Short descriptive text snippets
=====

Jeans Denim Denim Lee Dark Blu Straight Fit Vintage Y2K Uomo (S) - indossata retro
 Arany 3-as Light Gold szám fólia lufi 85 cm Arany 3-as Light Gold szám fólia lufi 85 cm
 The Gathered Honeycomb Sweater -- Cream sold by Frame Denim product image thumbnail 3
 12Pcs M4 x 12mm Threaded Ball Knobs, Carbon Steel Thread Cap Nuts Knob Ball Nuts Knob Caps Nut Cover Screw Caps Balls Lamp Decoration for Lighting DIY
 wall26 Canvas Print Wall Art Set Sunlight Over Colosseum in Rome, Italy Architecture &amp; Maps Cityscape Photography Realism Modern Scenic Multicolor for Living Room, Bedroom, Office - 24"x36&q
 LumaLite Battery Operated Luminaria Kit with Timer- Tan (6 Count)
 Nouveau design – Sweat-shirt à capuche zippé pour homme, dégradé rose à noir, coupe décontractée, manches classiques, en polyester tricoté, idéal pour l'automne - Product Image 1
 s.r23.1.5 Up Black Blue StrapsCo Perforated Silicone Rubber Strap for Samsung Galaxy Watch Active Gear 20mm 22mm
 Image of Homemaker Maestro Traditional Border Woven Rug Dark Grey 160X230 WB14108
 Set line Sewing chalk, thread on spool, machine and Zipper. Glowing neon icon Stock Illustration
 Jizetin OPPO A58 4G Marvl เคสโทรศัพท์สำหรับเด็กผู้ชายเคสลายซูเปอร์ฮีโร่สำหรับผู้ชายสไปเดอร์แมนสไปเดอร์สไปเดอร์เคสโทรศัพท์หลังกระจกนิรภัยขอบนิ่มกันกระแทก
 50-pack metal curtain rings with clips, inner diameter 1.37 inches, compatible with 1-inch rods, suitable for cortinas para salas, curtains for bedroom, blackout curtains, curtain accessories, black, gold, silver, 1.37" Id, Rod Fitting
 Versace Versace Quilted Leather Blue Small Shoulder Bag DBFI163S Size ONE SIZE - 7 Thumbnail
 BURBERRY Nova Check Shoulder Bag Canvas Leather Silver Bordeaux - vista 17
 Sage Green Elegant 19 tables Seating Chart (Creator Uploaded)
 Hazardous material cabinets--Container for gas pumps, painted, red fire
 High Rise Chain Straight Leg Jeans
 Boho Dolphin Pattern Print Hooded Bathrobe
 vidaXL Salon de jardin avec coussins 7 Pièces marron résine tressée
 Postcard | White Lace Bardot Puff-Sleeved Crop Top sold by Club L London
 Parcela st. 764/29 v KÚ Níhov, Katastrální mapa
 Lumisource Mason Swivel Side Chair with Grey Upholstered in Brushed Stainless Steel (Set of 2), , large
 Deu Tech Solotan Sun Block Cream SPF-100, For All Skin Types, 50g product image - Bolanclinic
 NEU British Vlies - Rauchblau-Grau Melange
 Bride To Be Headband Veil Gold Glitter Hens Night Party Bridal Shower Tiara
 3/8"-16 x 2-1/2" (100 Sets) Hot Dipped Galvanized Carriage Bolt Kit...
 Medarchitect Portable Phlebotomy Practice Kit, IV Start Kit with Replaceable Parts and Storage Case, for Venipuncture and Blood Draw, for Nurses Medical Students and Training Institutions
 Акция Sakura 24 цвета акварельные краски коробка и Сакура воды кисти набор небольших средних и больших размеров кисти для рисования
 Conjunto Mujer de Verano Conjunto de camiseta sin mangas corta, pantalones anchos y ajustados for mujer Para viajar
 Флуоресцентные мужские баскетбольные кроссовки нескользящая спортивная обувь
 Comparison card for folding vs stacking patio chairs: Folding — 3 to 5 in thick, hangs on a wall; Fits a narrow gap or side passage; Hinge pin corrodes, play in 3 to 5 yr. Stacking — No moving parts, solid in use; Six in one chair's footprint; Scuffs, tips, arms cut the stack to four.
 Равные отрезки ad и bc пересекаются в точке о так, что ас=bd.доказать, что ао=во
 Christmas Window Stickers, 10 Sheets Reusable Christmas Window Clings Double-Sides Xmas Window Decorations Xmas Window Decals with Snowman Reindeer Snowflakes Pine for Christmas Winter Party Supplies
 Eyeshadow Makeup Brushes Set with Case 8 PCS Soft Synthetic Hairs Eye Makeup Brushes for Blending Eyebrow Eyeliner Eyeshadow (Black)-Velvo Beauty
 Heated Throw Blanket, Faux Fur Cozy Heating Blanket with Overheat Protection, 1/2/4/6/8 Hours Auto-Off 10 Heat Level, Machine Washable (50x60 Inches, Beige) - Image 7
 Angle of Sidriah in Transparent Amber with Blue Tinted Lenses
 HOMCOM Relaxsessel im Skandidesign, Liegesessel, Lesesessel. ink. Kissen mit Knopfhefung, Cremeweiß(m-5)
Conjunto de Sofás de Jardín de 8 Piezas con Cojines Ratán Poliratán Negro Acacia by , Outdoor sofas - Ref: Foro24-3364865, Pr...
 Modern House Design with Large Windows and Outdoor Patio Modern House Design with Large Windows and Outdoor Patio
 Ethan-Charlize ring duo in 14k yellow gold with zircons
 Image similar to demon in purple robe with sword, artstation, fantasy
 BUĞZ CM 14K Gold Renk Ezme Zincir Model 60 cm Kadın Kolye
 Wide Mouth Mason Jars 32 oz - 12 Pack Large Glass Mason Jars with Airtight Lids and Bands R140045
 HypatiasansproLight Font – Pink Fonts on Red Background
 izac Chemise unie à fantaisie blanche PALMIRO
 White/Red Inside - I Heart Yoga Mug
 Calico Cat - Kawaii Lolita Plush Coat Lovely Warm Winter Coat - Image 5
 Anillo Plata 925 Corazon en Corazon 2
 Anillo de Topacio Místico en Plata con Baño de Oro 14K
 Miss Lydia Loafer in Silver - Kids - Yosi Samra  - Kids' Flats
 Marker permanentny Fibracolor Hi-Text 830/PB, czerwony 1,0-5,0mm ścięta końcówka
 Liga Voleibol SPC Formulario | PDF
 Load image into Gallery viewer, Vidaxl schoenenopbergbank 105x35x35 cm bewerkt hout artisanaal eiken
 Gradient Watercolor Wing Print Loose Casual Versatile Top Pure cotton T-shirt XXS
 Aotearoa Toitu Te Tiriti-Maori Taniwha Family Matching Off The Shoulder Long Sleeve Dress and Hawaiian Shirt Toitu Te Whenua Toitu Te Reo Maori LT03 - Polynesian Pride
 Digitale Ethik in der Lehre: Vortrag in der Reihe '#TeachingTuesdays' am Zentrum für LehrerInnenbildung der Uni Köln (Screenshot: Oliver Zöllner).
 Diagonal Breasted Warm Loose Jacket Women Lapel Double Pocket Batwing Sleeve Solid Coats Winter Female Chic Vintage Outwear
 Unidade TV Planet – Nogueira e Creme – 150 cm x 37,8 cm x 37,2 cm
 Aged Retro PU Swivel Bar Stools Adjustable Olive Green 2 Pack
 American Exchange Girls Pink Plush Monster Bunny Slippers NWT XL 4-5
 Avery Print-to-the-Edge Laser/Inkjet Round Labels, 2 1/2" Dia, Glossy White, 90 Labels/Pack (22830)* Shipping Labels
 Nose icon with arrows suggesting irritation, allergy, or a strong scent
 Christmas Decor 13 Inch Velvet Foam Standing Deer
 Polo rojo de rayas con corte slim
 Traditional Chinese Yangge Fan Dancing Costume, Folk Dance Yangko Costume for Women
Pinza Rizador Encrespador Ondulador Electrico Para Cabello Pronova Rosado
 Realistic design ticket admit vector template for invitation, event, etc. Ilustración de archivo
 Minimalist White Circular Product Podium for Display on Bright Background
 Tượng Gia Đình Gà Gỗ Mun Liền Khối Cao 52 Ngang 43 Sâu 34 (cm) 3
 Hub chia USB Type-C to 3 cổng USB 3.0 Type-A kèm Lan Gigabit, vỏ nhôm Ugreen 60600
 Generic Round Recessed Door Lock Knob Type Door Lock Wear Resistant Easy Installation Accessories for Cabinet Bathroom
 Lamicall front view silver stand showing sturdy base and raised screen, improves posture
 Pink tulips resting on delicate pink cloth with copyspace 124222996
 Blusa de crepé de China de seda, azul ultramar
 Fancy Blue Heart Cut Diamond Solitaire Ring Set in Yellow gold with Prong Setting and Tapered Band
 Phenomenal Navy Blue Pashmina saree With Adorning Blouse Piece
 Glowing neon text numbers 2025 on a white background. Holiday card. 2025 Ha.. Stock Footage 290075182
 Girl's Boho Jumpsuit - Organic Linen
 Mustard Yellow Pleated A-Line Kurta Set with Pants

=====

**AIM OF THE EXERCISE**
Your answer should be the exact lines above from the one with "Digitale Ethik in" through the one with "Diagonal Breasted Warm", both included, and nothing besides.

**ANSWER BELOW**
 Digitale Ethik in der Lehre: Vortrag in der Reihe '#TeachingTuesdays' am Zentrum für LehrerInnenbildung der Uni Köln (Screenshot: Oliver Zöllner).
 Diagonal Breasted Warm Loose Jacket Women Lapel Double Pocket Batwing Sleeve Solid Coats Winter Female Chic Vintage Outwear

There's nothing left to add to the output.